As the name suggests, Inception ResNet is the fusion of two neural networks—InceptionNet and Residual Network (ResNet). This neural network can predict thousands of different classes and has 164-layer architecture, which makes the model heavy and dense [24]. The performance of Inception ResNet on our dataset with variation of number of epochs is shown in Table 2.
In some cases, to achieve transfer learning, we used the concept of model stacking. To connect the output of one deep learning model to the input of another, we used the output of the first model as the input for the second model. This was carried out by passing the output of the first model to the input layer of the second model. Before the model stacking, we ensured that the output of the first model had high-level feature representation so that it could be used as the input for the second model for further processing. The second model was then trained with this input to learn how to perform a specific task.

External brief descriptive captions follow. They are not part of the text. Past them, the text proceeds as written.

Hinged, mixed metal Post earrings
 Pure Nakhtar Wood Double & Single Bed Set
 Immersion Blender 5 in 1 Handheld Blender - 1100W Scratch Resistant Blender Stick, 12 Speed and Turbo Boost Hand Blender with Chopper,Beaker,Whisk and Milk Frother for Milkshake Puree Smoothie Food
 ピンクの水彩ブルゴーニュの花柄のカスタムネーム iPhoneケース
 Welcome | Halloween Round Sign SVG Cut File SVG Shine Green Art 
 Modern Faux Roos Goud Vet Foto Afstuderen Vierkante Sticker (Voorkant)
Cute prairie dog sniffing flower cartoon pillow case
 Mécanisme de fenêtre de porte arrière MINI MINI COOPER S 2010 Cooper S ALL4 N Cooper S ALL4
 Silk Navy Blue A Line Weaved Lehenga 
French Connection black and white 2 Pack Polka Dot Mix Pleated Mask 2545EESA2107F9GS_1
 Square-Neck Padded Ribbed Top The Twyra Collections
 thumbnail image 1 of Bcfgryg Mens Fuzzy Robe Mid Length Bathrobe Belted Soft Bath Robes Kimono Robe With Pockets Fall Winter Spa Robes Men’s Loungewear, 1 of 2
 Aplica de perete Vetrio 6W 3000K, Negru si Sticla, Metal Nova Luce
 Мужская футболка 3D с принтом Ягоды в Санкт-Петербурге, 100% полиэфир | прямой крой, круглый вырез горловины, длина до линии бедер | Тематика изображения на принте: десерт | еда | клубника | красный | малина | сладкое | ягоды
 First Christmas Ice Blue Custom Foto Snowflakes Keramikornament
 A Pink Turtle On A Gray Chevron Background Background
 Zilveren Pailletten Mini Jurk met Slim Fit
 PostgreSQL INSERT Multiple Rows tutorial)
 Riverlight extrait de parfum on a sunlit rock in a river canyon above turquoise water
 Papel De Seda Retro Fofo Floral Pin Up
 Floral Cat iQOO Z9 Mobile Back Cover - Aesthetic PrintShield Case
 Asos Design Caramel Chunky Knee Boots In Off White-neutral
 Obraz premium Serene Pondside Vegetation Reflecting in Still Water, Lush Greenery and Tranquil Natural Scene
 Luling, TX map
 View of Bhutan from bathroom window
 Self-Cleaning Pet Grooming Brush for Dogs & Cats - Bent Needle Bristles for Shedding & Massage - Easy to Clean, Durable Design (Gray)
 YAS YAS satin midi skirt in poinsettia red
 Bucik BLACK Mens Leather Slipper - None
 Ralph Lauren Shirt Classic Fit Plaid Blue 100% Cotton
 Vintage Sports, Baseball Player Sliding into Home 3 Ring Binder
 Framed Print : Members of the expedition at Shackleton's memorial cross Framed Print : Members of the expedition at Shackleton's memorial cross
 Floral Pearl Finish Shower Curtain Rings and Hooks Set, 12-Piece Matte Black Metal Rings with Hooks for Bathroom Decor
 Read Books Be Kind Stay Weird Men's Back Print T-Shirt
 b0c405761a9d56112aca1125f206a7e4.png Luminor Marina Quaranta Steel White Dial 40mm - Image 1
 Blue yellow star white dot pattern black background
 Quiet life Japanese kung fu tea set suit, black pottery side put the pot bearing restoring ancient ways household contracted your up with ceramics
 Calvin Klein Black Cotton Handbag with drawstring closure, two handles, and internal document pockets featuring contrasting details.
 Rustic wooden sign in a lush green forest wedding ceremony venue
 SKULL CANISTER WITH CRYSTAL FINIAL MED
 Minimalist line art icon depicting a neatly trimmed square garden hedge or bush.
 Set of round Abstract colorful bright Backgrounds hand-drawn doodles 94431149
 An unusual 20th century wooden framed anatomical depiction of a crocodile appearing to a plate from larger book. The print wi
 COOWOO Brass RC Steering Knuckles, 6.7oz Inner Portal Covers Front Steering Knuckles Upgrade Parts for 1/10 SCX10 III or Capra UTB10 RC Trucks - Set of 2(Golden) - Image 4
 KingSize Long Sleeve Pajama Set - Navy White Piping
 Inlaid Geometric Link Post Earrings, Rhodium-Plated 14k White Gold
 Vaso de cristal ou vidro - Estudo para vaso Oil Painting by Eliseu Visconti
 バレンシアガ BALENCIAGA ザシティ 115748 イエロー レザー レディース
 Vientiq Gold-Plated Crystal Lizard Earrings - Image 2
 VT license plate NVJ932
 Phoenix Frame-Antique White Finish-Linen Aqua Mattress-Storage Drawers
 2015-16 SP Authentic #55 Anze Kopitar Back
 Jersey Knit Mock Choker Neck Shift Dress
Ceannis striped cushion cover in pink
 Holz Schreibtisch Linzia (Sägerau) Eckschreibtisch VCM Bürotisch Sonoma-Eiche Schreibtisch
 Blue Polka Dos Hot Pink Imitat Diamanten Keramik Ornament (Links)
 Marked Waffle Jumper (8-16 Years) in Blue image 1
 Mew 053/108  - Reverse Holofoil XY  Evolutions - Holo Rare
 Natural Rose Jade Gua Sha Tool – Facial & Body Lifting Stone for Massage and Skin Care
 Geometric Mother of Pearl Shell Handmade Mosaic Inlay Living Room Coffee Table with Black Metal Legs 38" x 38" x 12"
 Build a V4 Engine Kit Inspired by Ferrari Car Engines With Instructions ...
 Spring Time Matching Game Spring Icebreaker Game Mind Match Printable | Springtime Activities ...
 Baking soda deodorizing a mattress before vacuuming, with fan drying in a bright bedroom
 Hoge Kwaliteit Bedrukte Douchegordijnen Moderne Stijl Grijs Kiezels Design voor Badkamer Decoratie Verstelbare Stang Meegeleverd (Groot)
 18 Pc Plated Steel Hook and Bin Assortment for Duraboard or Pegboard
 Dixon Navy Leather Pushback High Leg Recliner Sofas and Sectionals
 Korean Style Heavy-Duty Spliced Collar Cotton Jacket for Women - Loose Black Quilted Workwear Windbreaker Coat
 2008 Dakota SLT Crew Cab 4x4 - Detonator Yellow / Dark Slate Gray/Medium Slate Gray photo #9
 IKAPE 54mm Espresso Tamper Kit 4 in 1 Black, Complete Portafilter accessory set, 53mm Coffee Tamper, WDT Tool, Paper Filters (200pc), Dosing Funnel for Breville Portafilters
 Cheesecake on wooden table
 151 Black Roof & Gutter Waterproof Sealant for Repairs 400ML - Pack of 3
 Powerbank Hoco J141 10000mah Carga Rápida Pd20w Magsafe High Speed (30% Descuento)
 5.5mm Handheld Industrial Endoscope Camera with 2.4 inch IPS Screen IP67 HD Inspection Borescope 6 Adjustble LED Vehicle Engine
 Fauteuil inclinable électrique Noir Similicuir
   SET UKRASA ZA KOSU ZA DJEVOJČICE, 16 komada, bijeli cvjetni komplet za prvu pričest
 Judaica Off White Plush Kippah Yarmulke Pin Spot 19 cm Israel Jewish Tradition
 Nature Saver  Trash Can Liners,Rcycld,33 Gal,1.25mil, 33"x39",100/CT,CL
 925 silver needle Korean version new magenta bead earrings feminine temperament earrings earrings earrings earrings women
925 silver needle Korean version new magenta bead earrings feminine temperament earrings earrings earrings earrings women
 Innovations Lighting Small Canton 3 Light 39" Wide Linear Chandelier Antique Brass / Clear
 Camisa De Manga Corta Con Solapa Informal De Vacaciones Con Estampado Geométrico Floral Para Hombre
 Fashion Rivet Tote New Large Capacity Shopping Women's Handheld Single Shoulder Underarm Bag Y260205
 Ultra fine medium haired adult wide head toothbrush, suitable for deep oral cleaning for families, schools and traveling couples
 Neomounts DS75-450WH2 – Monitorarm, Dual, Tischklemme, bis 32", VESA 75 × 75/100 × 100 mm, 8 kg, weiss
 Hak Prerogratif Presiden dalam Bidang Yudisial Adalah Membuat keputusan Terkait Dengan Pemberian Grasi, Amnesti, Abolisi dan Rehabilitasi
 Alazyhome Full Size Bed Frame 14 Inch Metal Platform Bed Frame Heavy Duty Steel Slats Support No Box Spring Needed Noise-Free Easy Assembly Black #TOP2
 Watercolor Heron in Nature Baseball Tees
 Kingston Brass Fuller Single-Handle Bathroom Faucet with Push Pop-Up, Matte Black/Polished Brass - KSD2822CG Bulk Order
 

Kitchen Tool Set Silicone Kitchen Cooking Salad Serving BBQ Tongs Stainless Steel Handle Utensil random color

Input Layer: RGB is input to the model with a size of 120*120*3.
• Block 1: The first block starts with a convolutional layer (Conv1-1) through which a rice leaf image with a of size 118*118 pixels and 32 kernels, which have a size of 3*3, is passed. The activation used is "ReLu". After this, there is Conv2-2, which is also a convolutional layer with 32 kernels with a size of 3*3. The activation used here is also ReLu. In the last layer of this block, the image is pooled down using the max pooling layer, which has a size of 2*2.
• Block 2: The second block starts with Conv2-1, which takes input from the first block, with an input image size of 58*58 and an increased number of kernels with 64, which have a size of 3*3. The activation used is the ReLu function. Again, this layer is connected to Conv2-2, which also has the same parameters. Furthermore, it is connected to Conv2-3, which is also a convolutional layer. Using repetitive convolutional layers helped the model to achieve higher and higher accuracy. This Conv2-3 layer is connected to the second max pooling layer to pool down the size of the image, as the pooling size is 2*2. This means that the size of the image is decreased again by half, and at the end of the block, there is a dropout layer. The sole purpose of the dropout layer is to prevent overfitting of the model while training, with a dropout rate of 0.5.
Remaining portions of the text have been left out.